Back with our regular newsletter, we begin by focusing on Digital Rights. These days’ news ups the ante. On January 7, Mark Zuckerberg, the founder and CEO of Meta, announced that the company would terminate its fact-checking program on Facebook, Instagram, and WhatsApp. To Zuckerberg’s claim of protecting free expression, rights groups responded with concerns that the decision was politically motivated. ARTICLE 19 urged Meta to prioritize human rights, not politics. 

This week, the freedom of expression community is following TikTok v. Garland, a case before the US Supreme Court that challenges the Protecting Americans from Foreign Adversary Controlled Applications Act. This law will ban TikTok nationwide unless ByteDance, the Chinese company that owns the social media platform, sells TikTok as soon as January 19, 2025. Our partners have intervened in the case, arguing the ban would violate the First Amendment and urging the Court to overturn the law. 

In a joint amicus brief, the Knight First Amendment Institute, Free Press, and PEN America refer to the law’s similarities with practices of repressive regimes and call on the Court to subject the Act to “strict scrutiny because it operates as a prior restraint, is motivated by disagreement with particular viewpoints, and forecloses an entire medium of expression online.” The petitioners underscore that the US government “has no legitimate interest in banning Americans from accessing foreign speech,” even if that speech represents foreign propaganda. The Future of Free Speech submitted an amicus brief together with the Foundation for Individual Rights and Expression (FIRE) and other rights organizations. The groups warn that if “a constitutional intrusion of this unprecedented magnitude is allowed to stand,” it could lead to “broad regulation of other media based on purely speculative national security concerns.”

The Court will begin hearing the oral arguments in the case this Friday. 

On another note, we have exciting news. The new edition of our Special Collection Paper Case Law on Content Moderation and Freedom of Expression is out. Written by Erik Tuchtfeld, Head of the humanet3 Group at the Max Planck Institute for Comparative Public Law and International Law in Heidelberg, Germany, the paper builds on our earlier edition on the topic and includes dozens of new cases added to the Global Case Law database between July 2023 and August 2024. Explore the new content moderation case law – from Brazil, regional European courts, Germany, Japan, India, Italy, the Netherlands, and the US – here

Finally, we would like to announce that CGFoE is moving from X to Bluesky. If you are already part of the Bluesky conversation, please follow us at @cgfoe.bsky.social. We look forward to exploring the platform’s possibilities together. 

Just published:
New edition of the Special Collection Paper Case Law on Content Moderation and Freedom of Expression,
by Erik Tuchtfeld, Max Planck Institute for Comparative Public Law and International Law.
Read the paper here.

DECISIONS THIS WEEK

Netherlands
Danny Mekić v. X (formerly Twitter) | Shadow Banning
Decision Date: July 5, 2024
A Dutch Court found that X (formerly Twitter) breached its contractual obligations and the Digital Services Act, 2022, by unjustly restricting a user’s account and failing to provide adequate reasons for the restriction. After X restricted the account when the user posted articles critiquing European policies relating to child pornography, the user asked X for the reason for the restriction, which he believed constituted a “search (suggestion) ban.” X responded that there had been an automatic restriction which, on review, had been incorrect, and it reinstated the user’s account. Although the Court acknowledged that X had not violated the Digital Services Act’s provisions concerning account restrictions as the user had eventually received the necessary information, it did find that X failed to provide an effective communication channel. The Court awarded damages for lost subscription fees paid during the restriction period and legal costs and mandated X establish a compliant contact point within two weeks, with a daily penalty for non-compliance. 
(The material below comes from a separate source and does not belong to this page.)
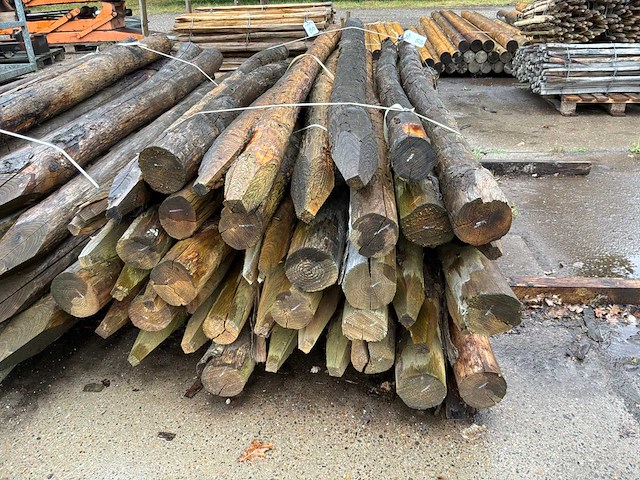 Ronde palen 2500x110-130mm (69x) - afbeelding 3 van  5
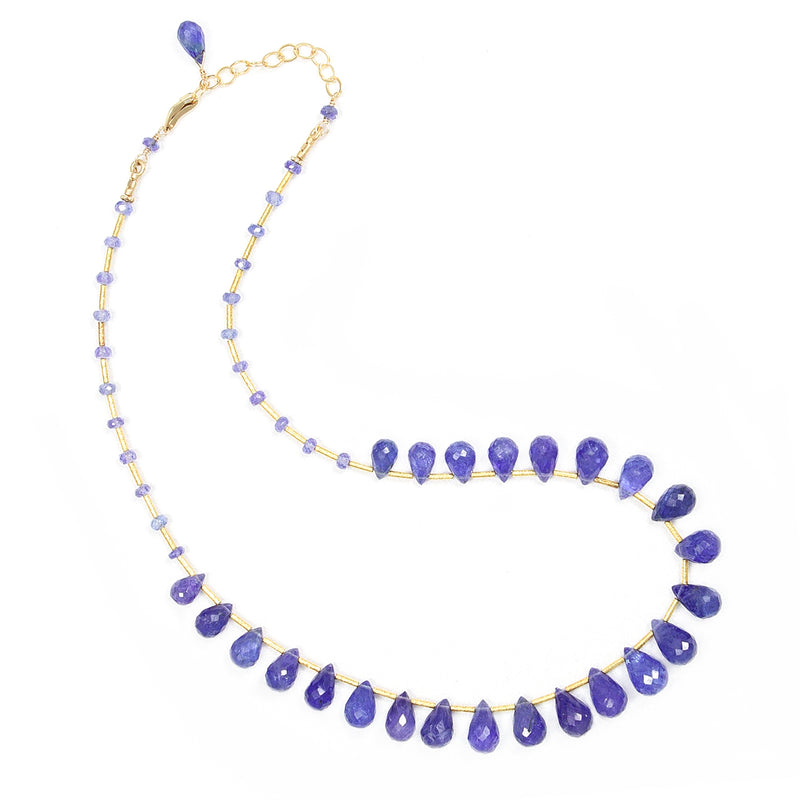 Rebecca Tanzanite Briolette & 14K Gold Necklace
Danny Mekić v. X (formerly Twitter)
Decision Date: July 4, 2024
A Dutch Court ruled that X (formerly Twitter) failed to adequately respond to an individual’s request for access to information regarding a temporary restriction on his account. In October of 2023 Amsterdam based researcher Danny Mekić was informed by some of his account followers that his posts were not appearing in search results on X. In response, Mekić submitted a comprehensive data access request about the restriction, including the origin and source of his personal data, automated decision-making, reputation scores, labels, and the "Guano" system. Unsatisfied with X’s response, Mekić petitioned the Court to order X to respond to his access request as stipulated by Article 15 of the General Data Protection Regulation (GDPR) and to supply specific information about automated decision-making and how X processed and utilized his personal data, under Article 22 of GDPR. The Court held that X had not provided sufficient transparency or detail, especially regarding automated decision-making, and ordered the company to fully comply with the request within one month, imposing a daily penalty of €4,000 for non-compliance.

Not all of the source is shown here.